■ Task instructions
Look through the records and copy every line in which "made" appears.

■ Task input
-------
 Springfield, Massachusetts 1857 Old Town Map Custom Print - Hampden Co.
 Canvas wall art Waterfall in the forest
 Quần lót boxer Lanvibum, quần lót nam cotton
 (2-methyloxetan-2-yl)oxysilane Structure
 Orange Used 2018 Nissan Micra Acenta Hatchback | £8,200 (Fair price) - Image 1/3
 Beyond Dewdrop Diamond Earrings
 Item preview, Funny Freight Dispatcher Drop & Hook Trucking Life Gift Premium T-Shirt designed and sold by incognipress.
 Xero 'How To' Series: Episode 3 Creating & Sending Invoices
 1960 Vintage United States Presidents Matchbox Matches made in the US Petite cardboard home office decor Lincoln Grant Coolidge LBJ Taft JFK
-------
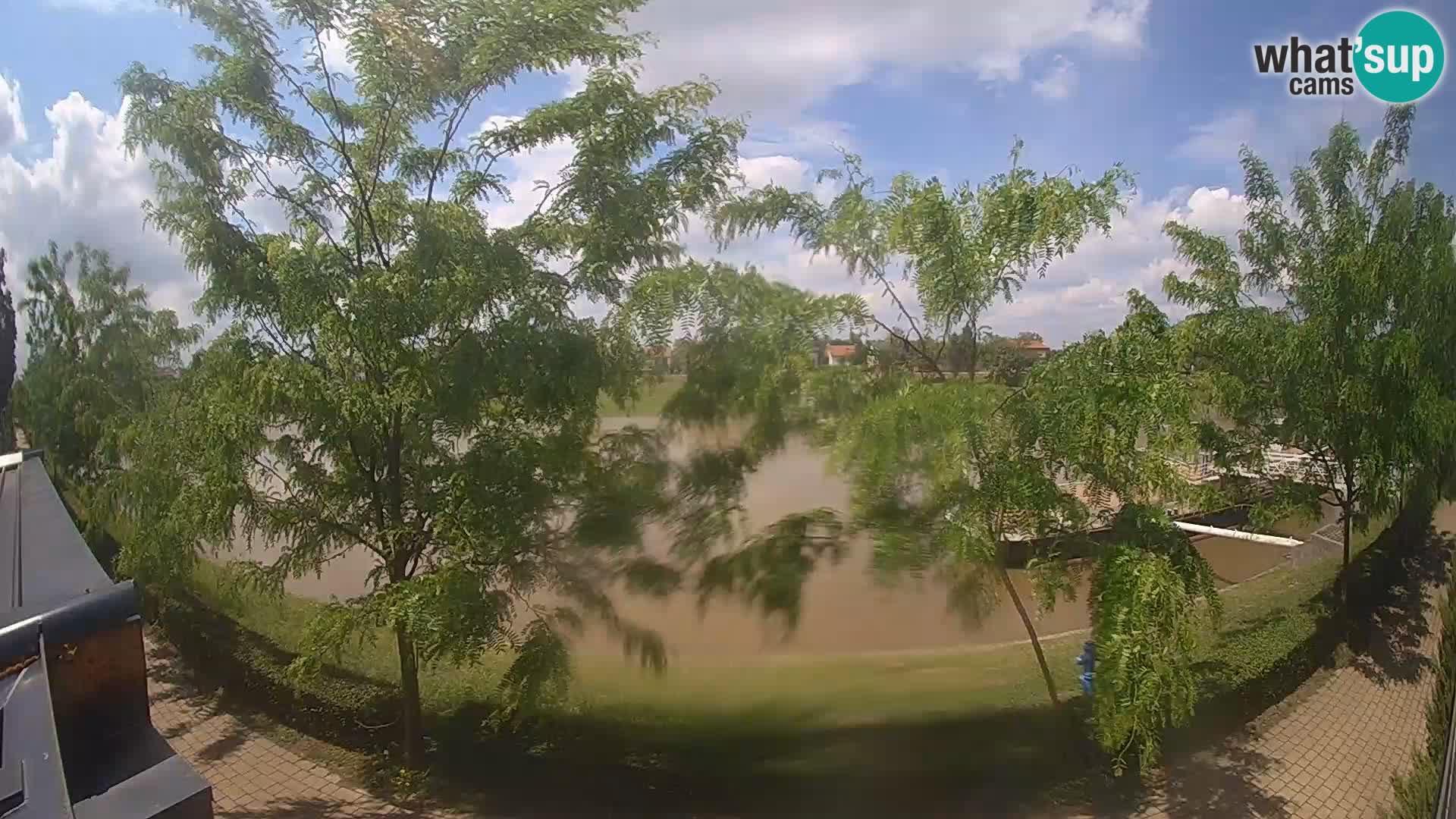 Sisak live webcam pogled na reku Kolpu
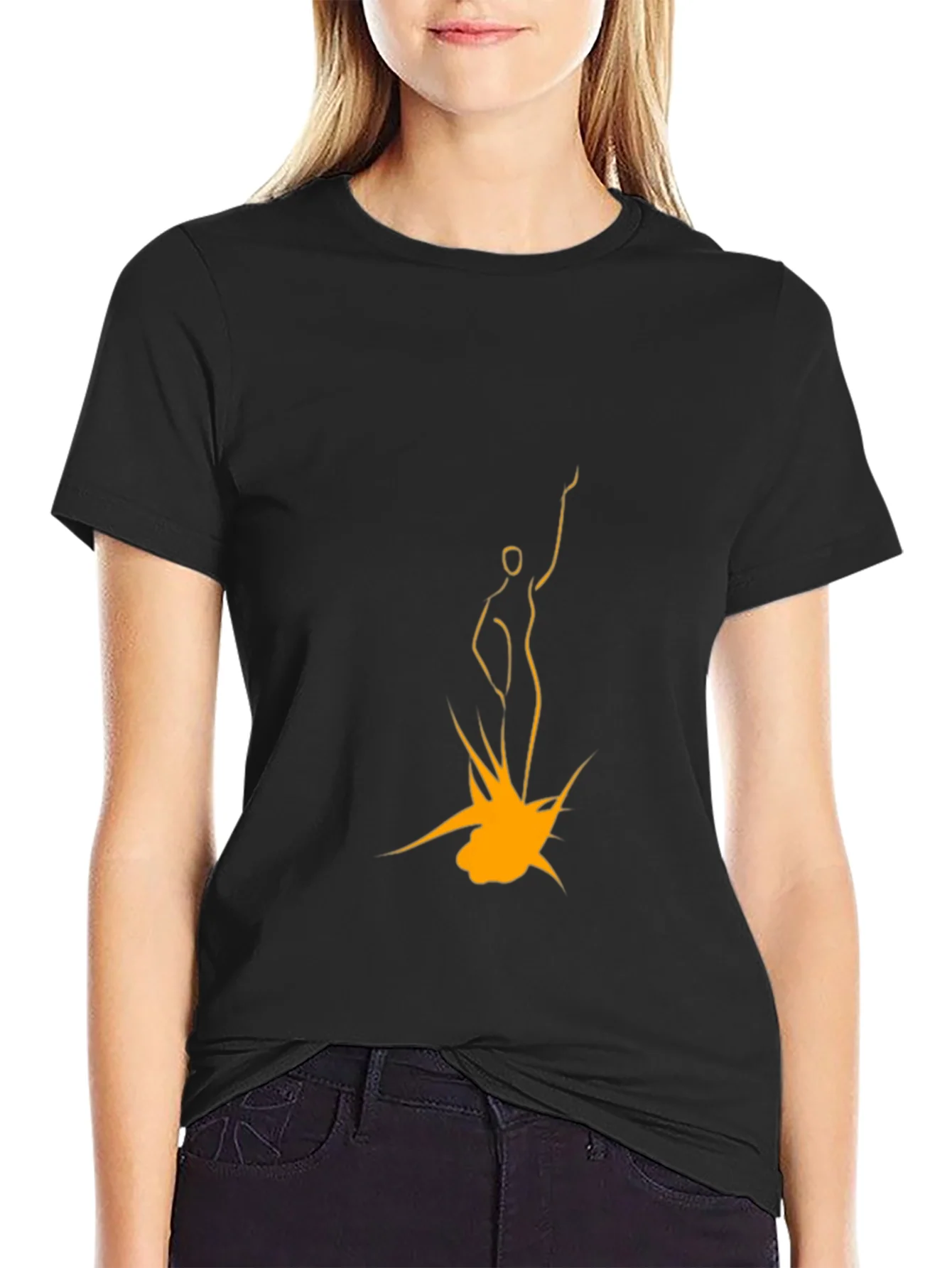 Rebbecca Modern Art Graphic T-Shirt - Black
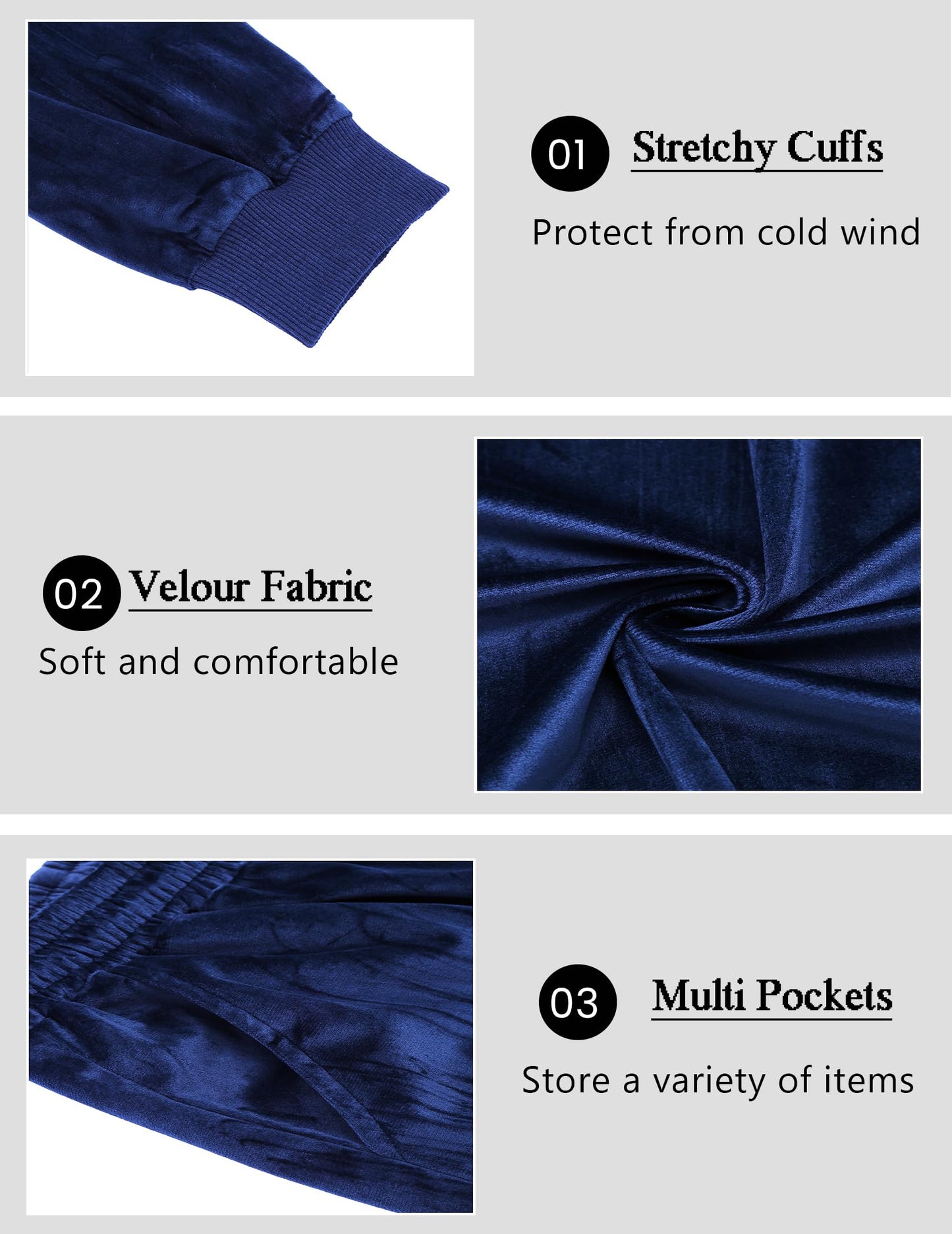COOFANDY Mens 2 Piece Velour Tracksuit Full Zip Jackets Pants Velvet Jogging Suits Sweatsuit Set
-------
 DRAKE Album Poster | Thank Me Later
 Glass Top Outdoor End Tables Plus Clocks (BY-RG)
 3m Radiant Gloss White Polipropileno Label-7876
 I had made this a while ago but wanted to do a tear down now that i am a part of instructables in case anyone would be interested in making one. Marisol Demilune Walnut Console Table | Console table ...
-------
■ Answer box
 1960 Vintage United States Presidents Matchbox Matches made in the US Petite cardboard home office decor Lincoln Grant Coolidge LBJ Taft JFK
 I had made this a while ago but wanted to do a tear down now that i am a part of instructables in case anyone would be interested in making one. Marisol Demilune Walnut Console Table | Console table ...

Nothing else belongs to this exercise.